> WHAT TO PRODUCE
Copy, from the material below, each line where "Jersey" shows up.
+ + +
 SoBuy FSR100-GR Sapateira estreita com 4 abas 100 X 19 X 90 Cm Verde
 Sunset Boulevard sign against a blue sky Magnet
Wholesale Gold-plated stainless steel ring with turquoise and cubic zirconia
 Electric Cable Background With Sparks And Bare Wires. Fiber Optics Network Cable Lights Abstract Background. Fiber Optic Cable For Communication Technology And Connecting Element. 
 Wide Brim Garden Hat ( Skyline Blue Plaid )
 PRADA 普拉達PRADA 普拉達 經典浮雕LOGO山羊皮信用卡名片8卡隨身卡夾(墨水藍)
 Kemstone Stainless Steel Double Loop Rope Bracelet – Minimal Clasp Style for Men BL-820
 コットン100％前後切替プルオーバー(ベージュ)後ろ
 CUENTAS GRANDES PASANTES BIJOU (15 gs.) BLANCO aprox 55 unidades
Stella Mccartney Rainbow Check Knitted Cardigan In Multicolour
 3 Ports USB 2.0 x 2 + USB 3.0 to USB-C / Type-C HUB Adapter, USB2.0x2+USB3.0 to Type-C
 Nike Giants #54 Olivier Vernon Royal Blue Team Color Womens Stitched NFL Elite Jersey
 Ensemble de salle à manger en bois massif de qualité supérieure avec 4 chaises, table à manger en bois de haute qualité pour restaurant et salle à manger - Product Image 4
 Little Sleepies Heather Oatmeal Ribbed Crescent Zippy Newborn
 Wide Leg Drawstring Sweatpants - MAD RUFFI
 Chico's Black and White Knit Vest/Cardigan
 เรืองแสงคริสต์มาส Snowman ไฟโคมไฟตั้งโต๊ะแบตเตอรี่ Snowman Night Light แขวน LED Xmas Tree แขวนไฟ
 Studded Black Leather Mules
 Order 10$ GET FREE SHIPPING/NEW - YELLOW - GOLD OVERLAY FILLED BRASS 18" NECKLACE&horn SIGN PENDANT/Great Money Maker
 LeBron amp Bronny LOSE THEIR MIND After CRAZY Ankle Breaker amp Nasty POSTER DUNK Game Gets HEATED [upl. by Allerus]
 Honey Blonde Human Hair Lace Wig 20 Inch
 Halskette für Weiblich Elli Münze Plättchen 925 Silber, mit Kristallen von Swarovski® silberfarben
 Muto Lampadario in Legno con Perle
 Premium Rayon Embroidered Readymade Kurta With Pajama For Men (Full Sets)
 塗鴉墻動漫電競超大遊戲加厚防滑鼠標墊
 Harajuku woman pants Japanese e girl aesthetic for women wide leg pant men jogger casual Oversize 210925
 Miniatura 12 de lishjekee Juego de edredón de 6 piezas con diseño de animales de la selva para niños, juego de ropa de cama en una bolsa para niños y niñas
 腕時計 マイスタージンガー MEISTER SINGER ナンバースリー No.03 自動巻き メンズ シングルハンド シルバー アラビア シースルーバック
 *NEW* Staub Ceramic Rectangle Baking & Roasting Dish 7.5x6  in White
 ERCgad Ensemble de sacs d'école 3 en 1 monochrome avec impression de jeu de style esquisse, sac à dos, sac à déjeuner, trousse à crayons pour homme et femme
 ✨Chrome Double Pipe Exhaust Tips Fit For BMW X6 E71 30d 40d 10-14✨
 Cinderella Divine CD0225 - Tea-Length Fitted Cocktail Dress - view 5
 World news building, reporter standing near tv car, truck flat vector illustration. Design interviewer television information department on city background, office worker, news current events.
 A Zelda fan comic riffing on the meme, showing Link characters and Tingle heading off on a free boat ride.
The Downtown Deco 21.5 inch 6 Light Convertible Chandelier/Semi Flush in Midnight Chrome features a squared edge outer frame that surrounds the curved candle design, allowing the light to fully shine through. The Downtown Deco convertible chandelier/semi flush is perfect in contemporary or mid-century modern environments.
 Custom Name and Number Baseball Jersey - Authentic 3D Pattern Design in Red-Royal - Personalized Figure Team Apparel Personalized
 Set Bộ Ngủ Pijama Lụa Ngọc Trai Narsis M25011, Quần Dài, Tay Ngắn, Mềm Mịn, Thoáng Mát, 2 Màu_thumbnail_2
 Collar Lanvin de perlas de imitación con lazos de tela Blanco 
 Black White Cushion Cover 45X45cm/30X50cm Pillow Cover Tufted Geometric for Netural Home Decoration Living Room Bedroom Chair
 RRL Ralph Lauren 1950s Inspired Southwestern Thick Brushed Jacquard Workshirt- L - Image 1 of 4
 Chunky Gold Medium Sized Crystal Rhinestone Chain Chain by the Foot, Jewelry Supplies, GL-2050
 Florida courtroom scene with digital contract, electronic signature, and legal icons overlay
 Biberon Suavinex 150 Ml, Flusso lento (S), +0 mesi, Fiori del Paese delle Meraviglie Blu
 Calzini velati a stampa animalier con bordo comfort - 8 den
+ + +
> YOUR SOLUTION
 Nike Giants #54 Olivier Vernon Royal Blue Team Color Womens Stitched NFL Elite Jersey
 Custom Name and Number Baseball Jersey - Authentic 3D Pattern Design in Red-Royal - Personalized Figure Team Apparel Personalized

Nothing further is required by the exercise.